| Problem description |
From the entries below, retype only the lines from the one with "Book: Porsche RS Spyder 2008 / by U. Upietz" through the one with "HONDA CB400F FOUR", exactly as written.
+-------+
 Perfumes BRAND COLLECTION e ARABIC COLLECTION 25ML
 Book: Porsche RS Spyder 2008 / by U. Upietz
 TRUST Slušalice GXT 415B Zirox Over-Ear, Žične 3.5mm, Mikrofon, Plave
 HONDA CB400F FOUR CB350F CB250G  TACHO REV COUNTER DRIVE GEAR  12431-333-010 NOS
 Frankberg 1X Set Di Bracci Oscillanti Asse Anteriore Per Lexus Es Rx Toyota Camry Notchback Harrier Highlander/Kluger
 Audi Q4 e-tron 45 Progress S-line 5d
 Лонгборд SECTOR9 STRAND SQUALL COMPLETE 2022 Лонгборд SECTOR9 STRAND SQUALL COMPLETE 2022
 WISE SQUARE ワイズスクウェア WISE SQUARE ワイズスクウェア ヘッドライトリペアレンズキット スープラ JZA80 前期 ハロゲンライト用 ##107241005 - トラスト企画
+-------+
| Solved exercise |
 Book: Porsche RS Spyder 2008 / by U. Upietz
 TRUST Slušalice GXT 415B Zirox Over-Ear, Žične 3.5mm, Mikrofon, Plave
 HONDA CB400F FOUR CB350F CB250G  TACHO REV COUNTER DRIVE GEAR  12431-333-010 NOS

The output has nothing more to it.